* **Your goal**: Retype the listing exactly, minus its pictures.

* **Provided data**:
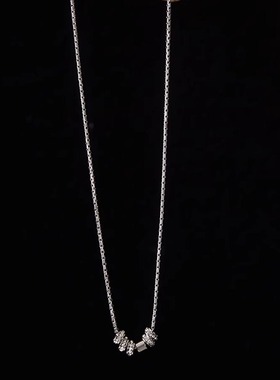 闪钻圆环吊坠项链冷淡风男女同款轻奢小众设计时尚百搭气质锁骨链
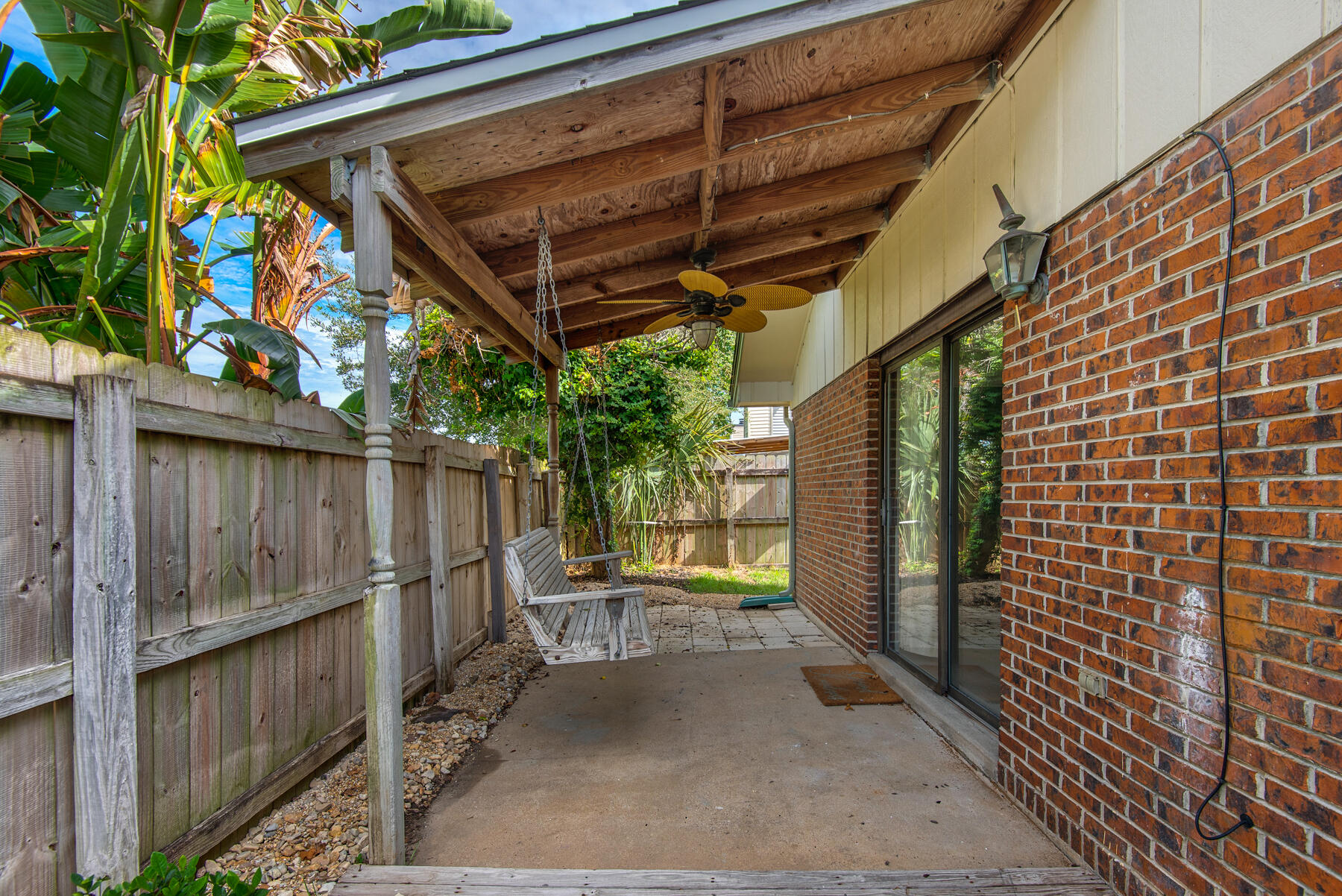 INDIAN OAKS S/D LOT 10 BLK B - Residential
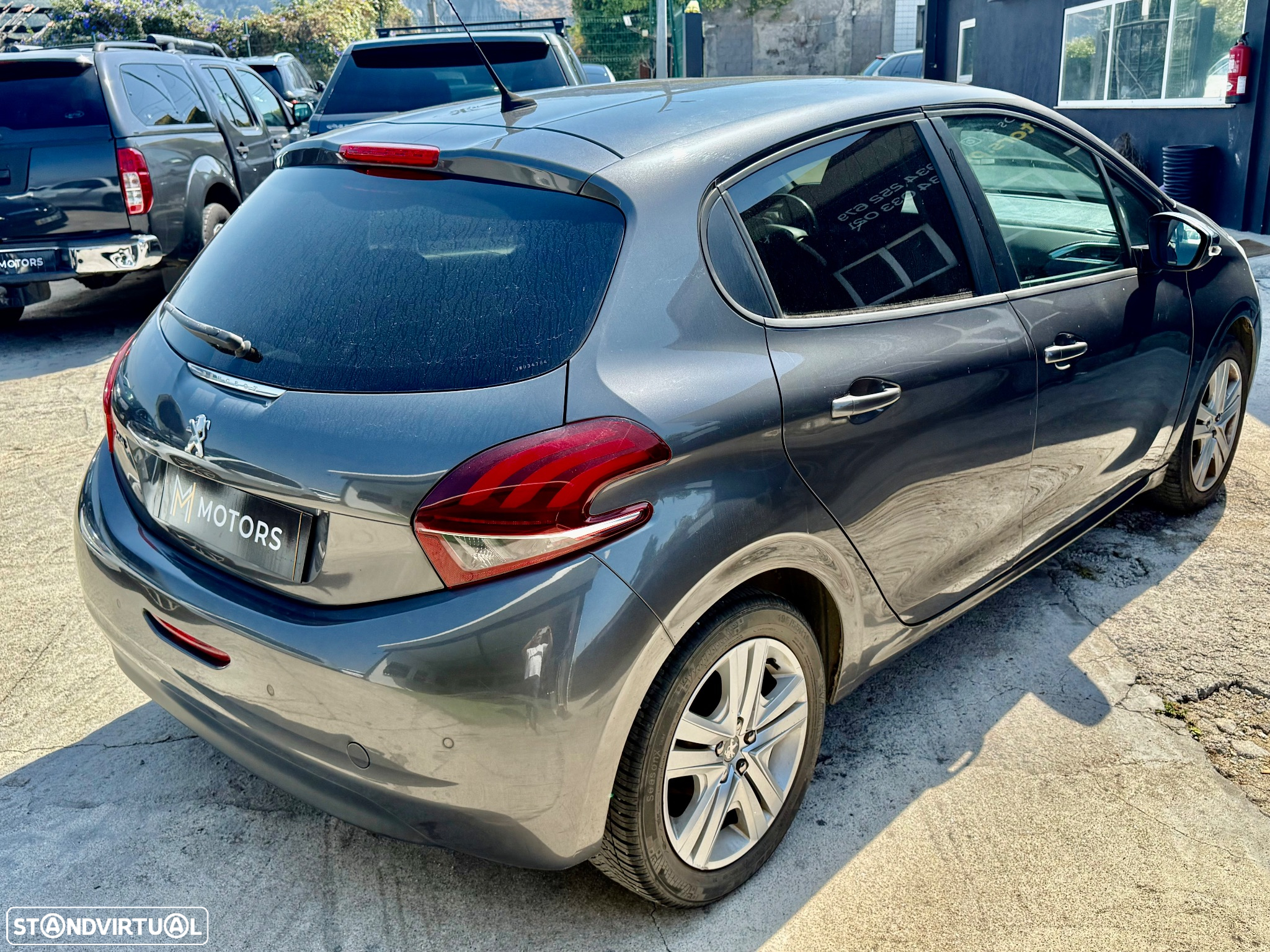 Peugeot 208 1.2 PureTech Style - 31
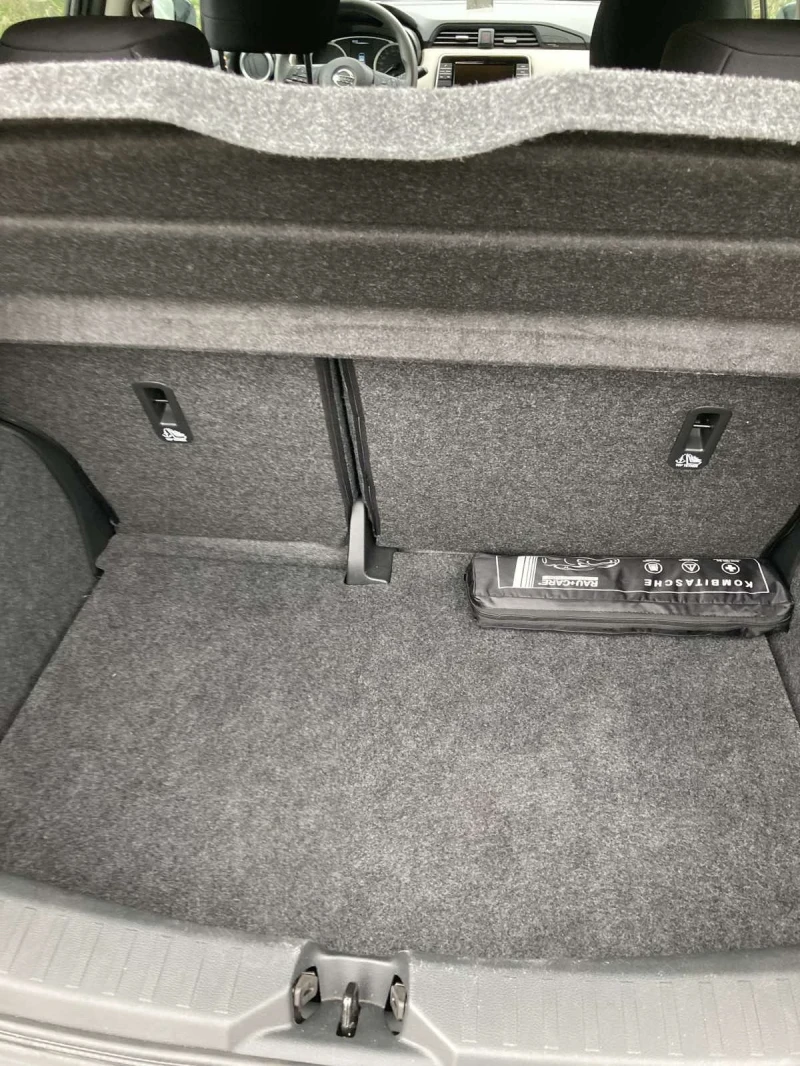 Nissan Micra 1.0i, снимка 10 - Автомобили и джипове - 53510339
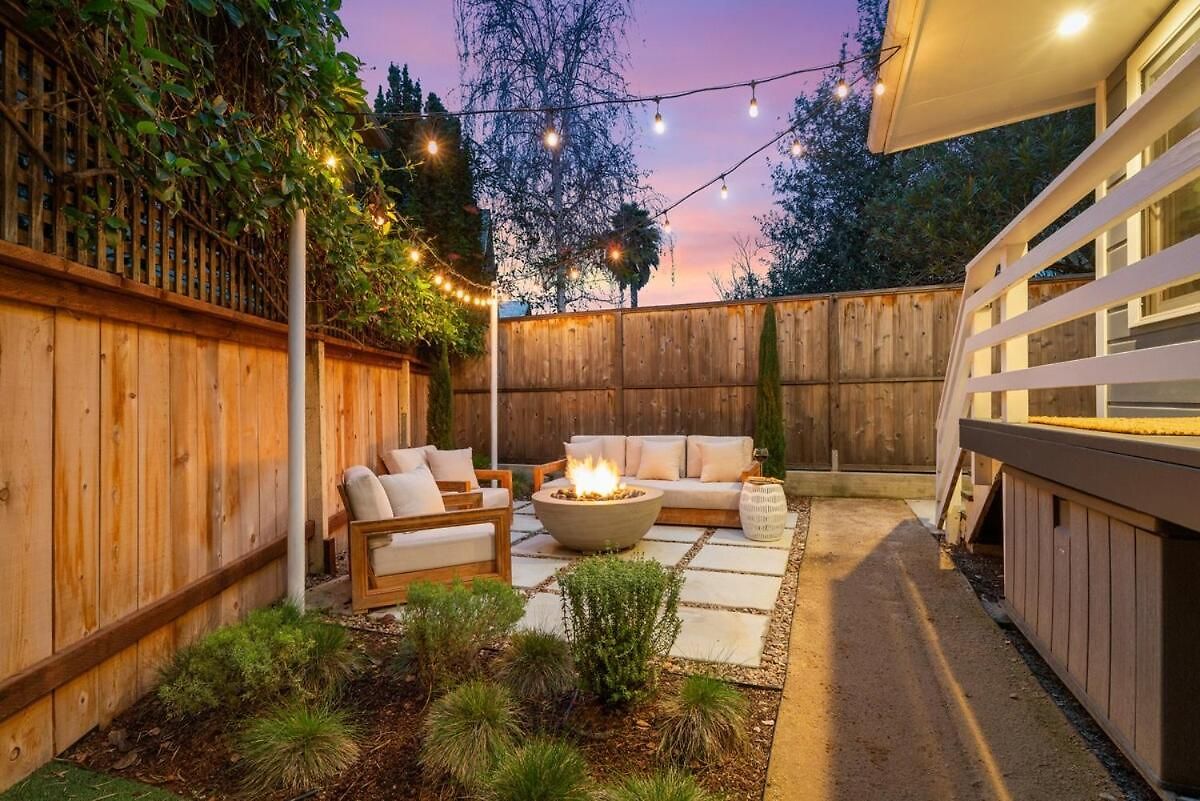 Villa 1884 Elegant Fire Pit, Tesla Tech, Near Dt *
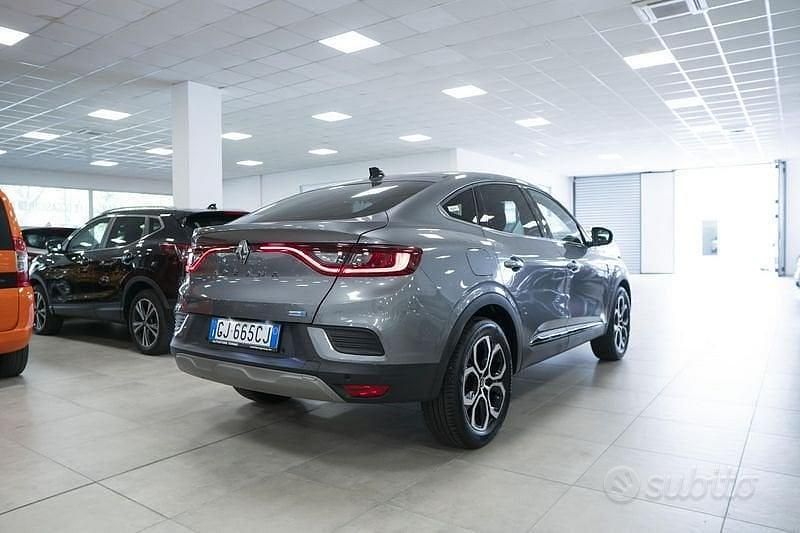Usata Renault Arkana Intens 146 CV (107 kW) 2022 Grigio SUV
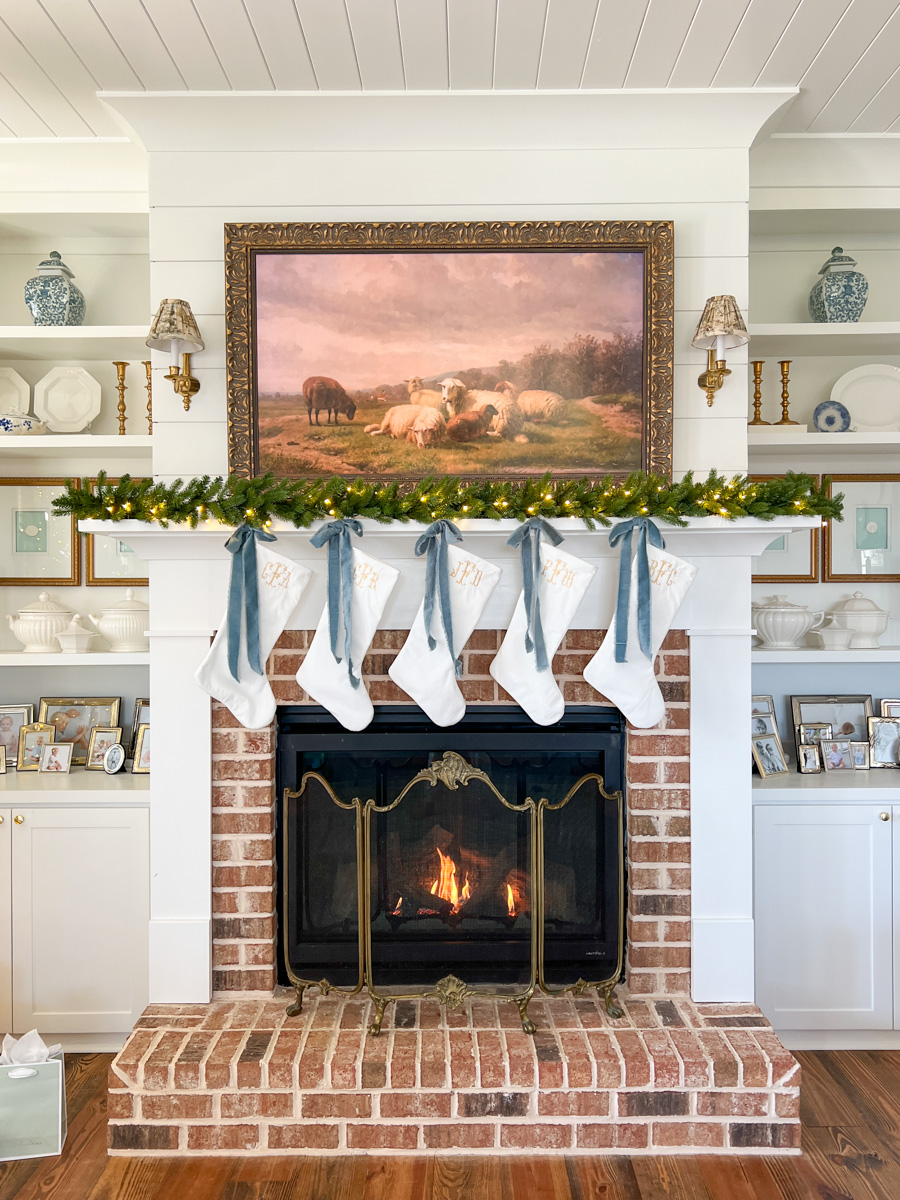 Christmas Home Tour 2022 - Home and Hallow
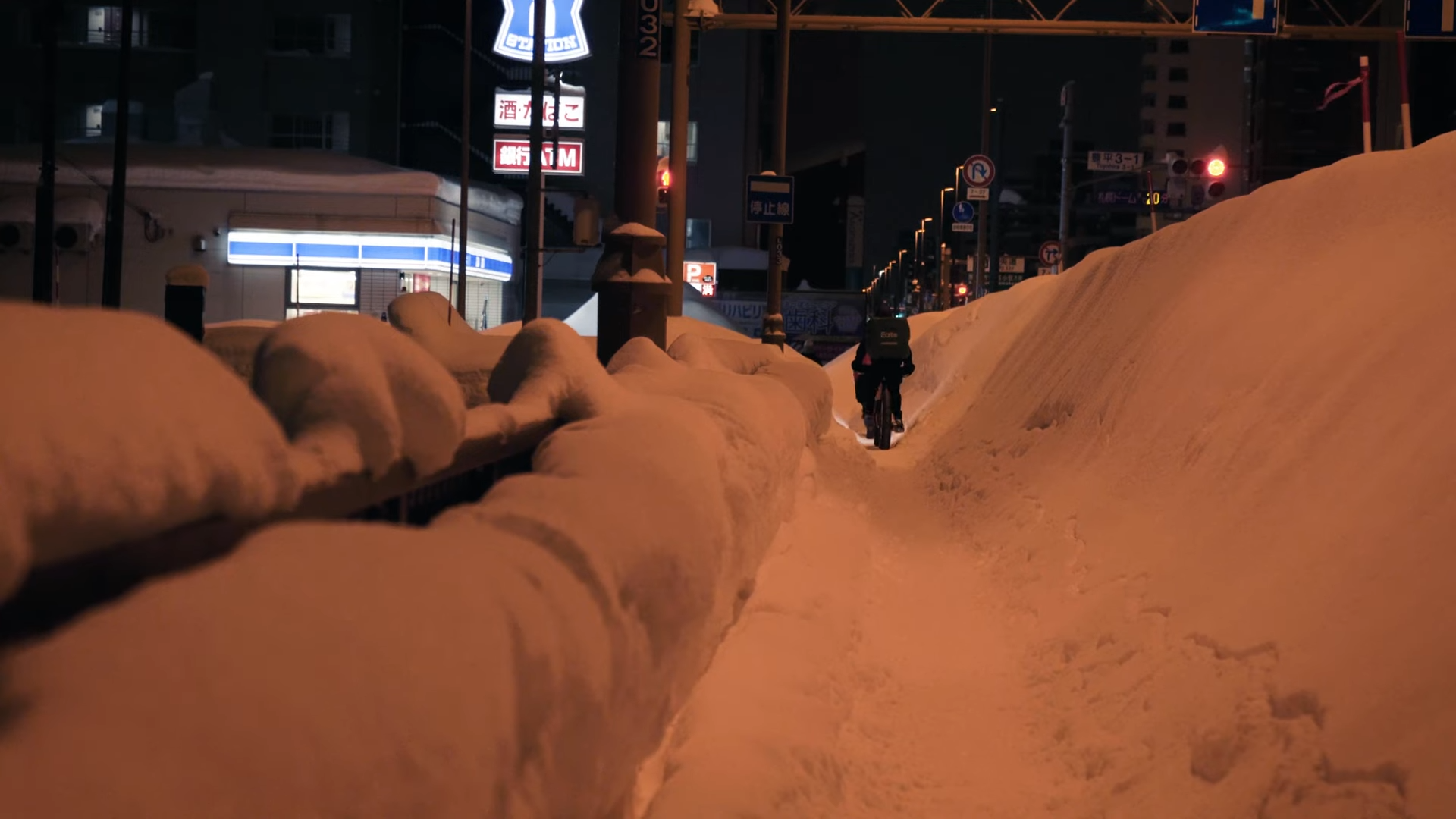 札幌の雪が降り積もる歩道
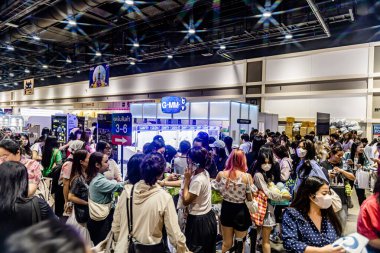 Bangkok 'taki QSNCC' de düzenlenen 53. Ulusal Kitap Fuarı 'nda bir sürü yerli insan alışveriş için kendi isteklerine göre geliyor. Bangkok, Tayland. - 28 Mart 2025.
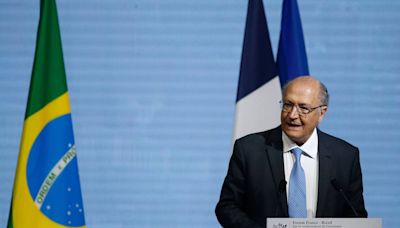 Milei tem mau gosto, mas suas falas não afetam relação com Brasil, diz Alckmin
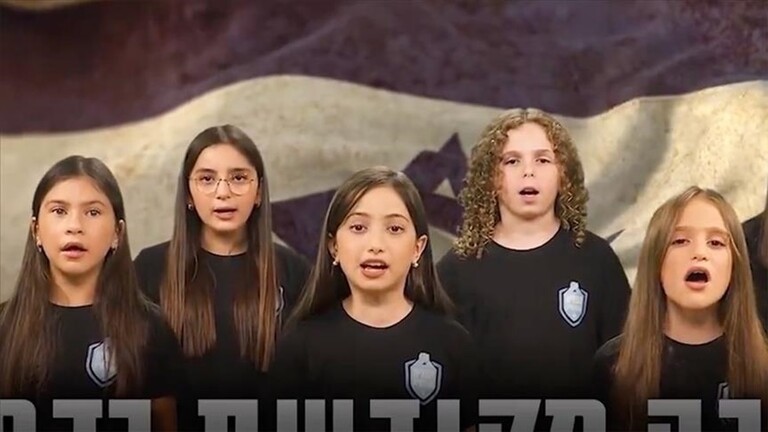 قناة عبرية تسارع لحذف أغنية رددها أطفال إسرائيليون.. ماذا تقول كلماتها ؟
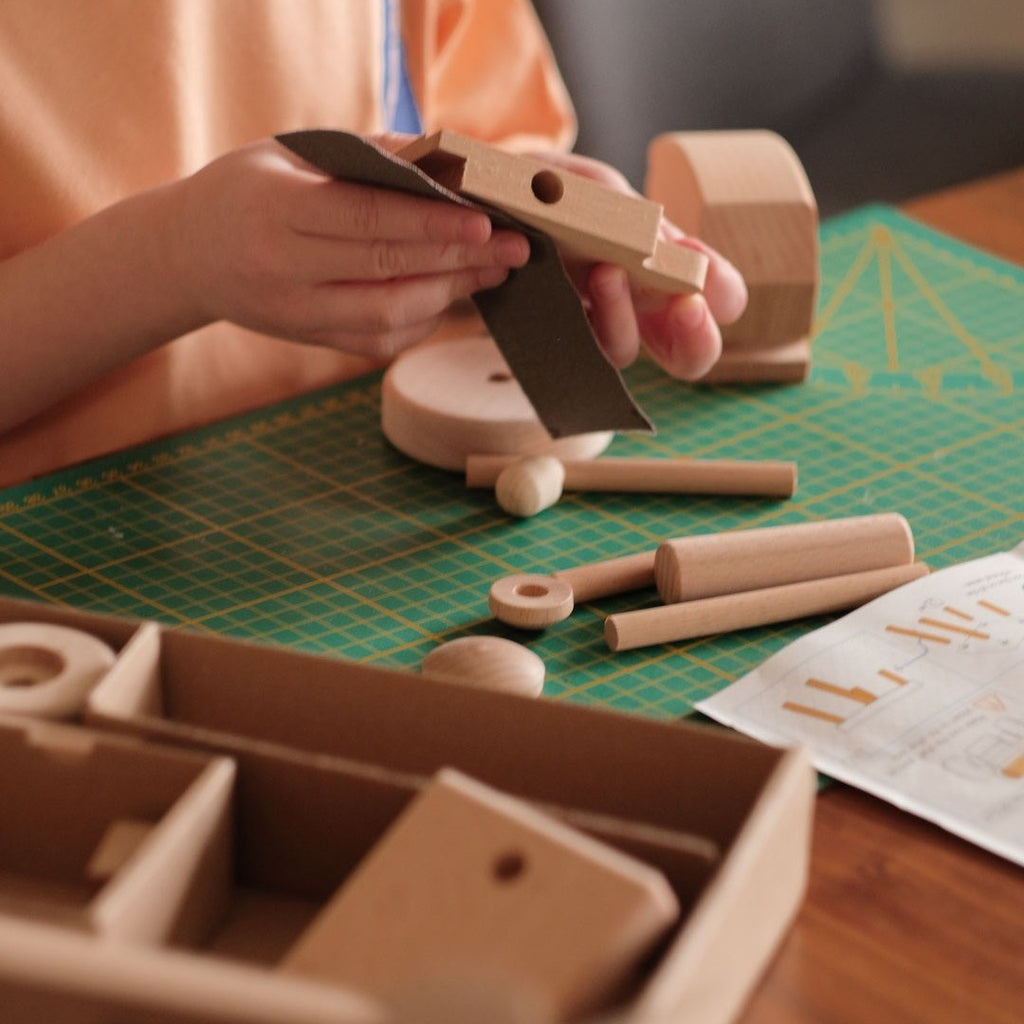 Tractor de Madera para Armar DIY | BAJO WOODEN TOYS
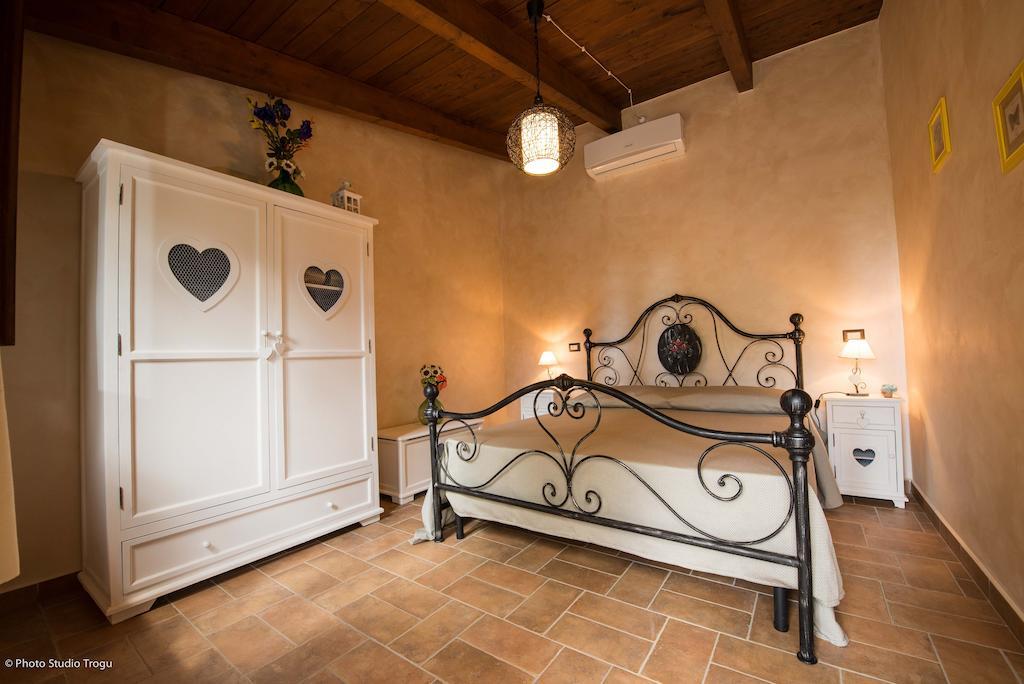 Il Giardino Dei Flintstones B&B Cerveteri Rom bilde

* **Answer to this exercise**:
 闪钻圆环吊坠项链冷淡风男女同款轻奢小众设计时尚百搭气质锁骨链
 INDIAN OAKS S/D LOT 10 BLK B - Residential
 Peugeot 208 1.2 PureTech Style - 31
 Nissan Micra 1.0i, снимка 10 - Автомобили и джипове - 53510339
 Villa 1884 Elegant Fire Pit, Tesla Tech, Near Dt *
Usata Renault Arkana Intens 146 CV (107 kW) 2022 Grigio SUV
 Christmas Home Tour 2022 - Home and Hallow
 札幌の雪が降り積もる歩道
 Bangkok 'taki QSNCC' de düzenlenen 53. Ulusal Kitap Fuarı 'nda bir sürü yerli insan alışveriş için kendi isteklerine göre geliyor. Bangkok, Tayland. - 28 Mart 2025.
 Milei tem mau gosto, mas suas falas não afetam relação com Brasil, diz Alckmin
 قناة عبرية تسارع لحذف أغنية رددها أطفال إسرائيليون.. ماذا تقول كلماتها ؟
 Tractor de Madera para Armar DIY | BAJO WOODEN TOYS
 Il Giardino Dei Flintstones B&B Cerveteri Rom bilde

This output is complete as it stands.